Re: [External] Re: [PATCH v4] mm/hugetlb: add mempolicy check in the reservation routine

linux-mm.kvack.org archive mirror
 help / color / mirror / Atom feed

From: Muchun Song <songmuchun@bytedance.com>
To: Baoquan He <bhe@redhat.com>
Cc: mike.kravetz@oracle.com,
	Andrew Morton <akpm@linux-foundation.org>,
	 Michal Hocko <mhocko@kernel.org>,
	David Rientjes <rientjes@google.com>,
	mgorman@suse.de,  Michel Lespinasse <walken@google.com>,
	Linux Memory Management List <linux-mm@kvack.org>,
	 LKML <linux-kernel@vger.kernel.org>,
	Jianchao Guo <guojianchao@bytedance.com>
Subject: Re: [External] Re: [PATCH v4] mm/hugetlb: add mempolicy check in the reservation routine
Date: Tue, 28 Jul 2020 22:16:29 +0800	[thread overview]
Message-ID: <CAMZfGtUSJN5KVpTb-cSe=76w6EX-7Z01nXFF+mqWGDvubCUj7w@mail.gmail.com> (raw)
In-Reply-To: <20200728132453.GB14854@MiWiFi-R3L-srv>

On Tue, Jul 28, 2020 at 9:25 PM Baoquan He <bhe@redhat.com> wrote:
>
> Hi Muchun,
>
> On 07/28/20 at 11:49am, Muchun Song wrote:
> > In the reservation routine, we only check whether the cpuset meets
> > the memory allocation requirements. But we ignore the mempolicy of
> > MPOL_BIND case.
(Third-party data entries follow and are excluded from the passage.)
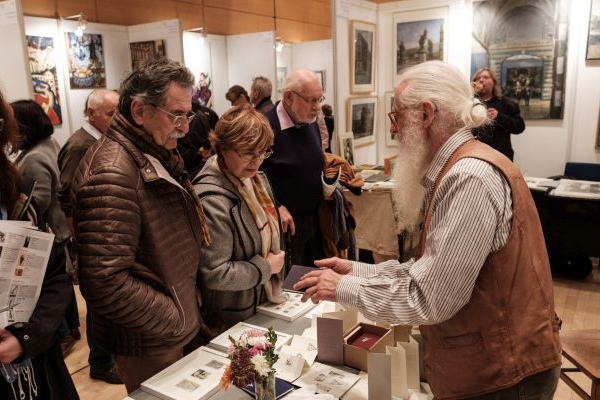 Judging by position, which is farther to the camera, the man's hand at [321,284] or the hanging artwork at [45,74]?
the hanging artwork at [45,74]

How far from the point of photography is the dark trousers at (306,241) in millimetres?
2900

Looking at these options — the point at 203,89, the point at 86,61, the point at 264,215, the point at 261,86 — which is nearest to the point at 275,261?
the point at 264,215

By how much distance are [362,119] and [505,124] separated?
1.31 metres

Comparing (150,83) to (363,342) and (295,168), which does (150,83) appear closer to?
(363,342)

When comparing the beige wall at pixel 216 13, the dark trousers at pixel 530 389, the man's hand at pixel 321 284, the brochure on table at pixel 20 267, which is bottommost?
the dark trousers at pixel 530 389

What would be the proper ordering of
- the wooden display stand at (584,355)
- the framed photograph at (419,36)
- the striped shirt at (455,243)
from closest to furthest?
1. the striped shirt at (455,243)
2. the wooden display stand at (584,355)
3. the framed photograph at (419,36)

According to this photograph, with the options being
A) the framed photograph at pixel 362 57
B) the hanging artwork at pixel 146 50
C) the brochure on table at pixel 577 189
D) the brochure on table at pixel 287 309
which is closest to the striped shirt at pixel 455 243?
the brochure on table at pixel 287 309

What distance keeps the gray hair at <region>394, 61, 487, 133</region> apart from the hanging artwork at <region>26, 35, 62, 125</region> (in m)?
4.08

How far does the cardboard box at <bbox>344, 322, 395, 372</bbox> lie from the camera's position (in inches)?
60.5

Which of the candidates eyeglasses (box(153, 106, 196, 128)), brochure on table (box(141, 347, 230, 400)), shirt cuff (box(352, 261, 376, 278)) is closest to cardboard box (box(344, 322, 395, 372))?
shirt cuff (box(352, 261, 376, 278))

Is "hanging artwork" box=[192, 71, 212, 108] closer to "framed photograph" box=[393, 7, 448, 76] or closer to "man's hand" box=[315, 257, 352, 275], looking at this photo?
"framed photograph" box=[393, 7, 448, 76]

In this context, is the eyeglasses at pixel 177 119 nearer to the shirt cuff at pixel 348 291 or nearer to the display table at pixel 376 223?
the shirt cuff at pixel 348 291

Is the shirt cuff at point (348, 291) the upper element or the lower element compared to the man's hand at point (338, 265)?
upper

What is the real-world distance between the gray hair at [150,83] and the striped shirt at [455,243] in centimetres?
88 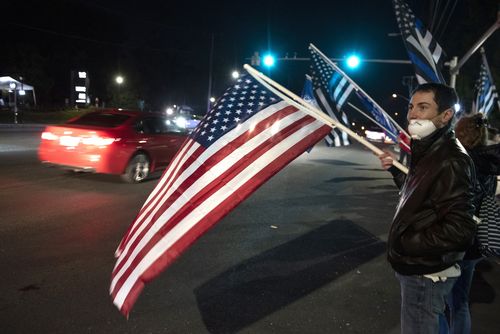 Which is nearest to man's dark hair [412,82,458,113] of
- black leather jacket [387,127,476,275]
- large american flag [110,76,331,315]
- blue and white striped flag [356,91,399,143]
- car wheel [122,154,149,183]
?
black leather jacket [387,127,476,275]

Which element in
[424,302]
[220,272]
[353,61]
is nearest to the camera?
[424,302]

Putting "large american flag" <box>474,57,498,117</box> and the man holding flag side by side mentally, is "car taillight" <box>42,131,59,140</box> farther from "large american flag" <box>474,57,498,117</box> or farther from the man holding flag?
"large american flag" <box>474,57,498,117</box>

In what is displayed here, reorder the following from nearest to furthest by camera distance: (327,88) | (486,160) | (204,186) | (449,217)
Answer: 1. (449,217)
2. (204,186)
3. (486,160)
4. (327,88)

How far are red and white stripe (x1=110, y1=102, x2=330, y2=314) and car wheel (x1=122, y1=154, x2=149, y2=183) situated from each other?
285 inches

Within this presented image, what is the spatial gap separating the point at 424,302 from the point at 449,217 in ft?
1.65

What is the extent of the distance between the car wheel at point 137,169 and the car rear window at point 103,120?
88 centimetres

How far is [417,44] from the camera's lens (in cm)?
678

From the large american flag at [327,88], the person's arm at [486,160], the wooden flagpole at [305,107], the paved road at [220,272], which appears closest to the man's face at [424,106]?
the wooden flagpole at [305,107]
If someone mmap hugetlb succeeds, but the subsequent
> > memory allocation may fail due to mempolicy restrictions and receives
> > the SIGBUS signal. This can be reproduced by the follow steps.
> >
> >  1) Compile the test case.
> >     cd tools/testing/selftests/vm/
> >     gcc map_hugetlb.c -o map_hugetlb
> >
> >  2) Pre-allocate huge pages. Suppose there are 2 numa nodes in the
> >     system. Each node will pre-allocate one huge page.
> >     echo 2 > /proc/sys/vm/nr_hugepages
> >
> >  3) Run test case(mmap 4MB). We receive the SIGBUS signal.
> >     numactl --membind=0 ./map_hugetlb 4
>
> I think supporting the  mempolicy of MPOL_BIND case is a good idea.
> I am wondering what about the other mempolicy cases, e.g MPOL_INTERLEAVE,
> MPOL_PREFERRED. Asking these because we already have similar handling in
> sysfs, proc nr_hugepages_mempolicy writting. Please see
> __nr_hugepages_store_common() for detail.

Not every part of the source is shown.